Anything more then this is a invasion or privacy and a way to monitor the public.
I'm not aware of any country in the world that doesn't do that ?
Australia has cumpolsory education for children, doesn't allow smoking, doesn't allow alcohol consumption, doesn't allow children to drive, doesnt allow them to participate in porn, doesn't allow them to have sex, enforces vaccination and a litany of other directives that over ride parental choice.
Many of the above are considerd harmful for children, like a swathe of experts say about chikdrens exposure to social media.
Some places in the US you are arrested for child endangerment for allowing your child to walk to school and the US continues to condone regularly shooting their children in the 1000s..
What I, some random on Lemmy thinks should be irrelevant, this should not be a "do your own research and go with your gut" sort of nonsense, thats what gives us RFK Jr.
What a majority of clinical experts do think is important. I was just pointing out the blantant flaw in your argument.
Problem is the vast majority of parents won't have any idea what your talking about or anything.
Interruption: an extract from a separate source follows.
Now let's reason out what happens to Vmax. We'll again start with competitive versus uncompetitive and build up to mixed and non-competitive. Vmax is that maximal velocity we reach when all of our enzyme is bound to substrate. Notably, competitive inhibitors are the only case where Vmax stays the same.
Routers is not the way. It should be device-side. Children's phones and computers should blacklist social media, or even whitelist allowed sites IMO. Otherwise they can get around this with data, or public wi-fi.
This can already be done TBH, phones have something called private DNS settings, so all one would need to do is set your phones DNS to a appropriate DNS that blocks or allows a specific websites.
This DNS could potentially be curated by a local government. This would allow a parent to set their child's phones DNS appropriately at their discretion.
This would be less privacy invasive and would remove the need for a "digital ID". While at the same time checking the box of protection ones children at the parents discretion.
Yes. But it's not easy for parents apparently. Indeed, there's a coordination problem -- while the standard is for kids to have social media, removing social media for one child disconnects them from their peers. So standardising the ban would be needed.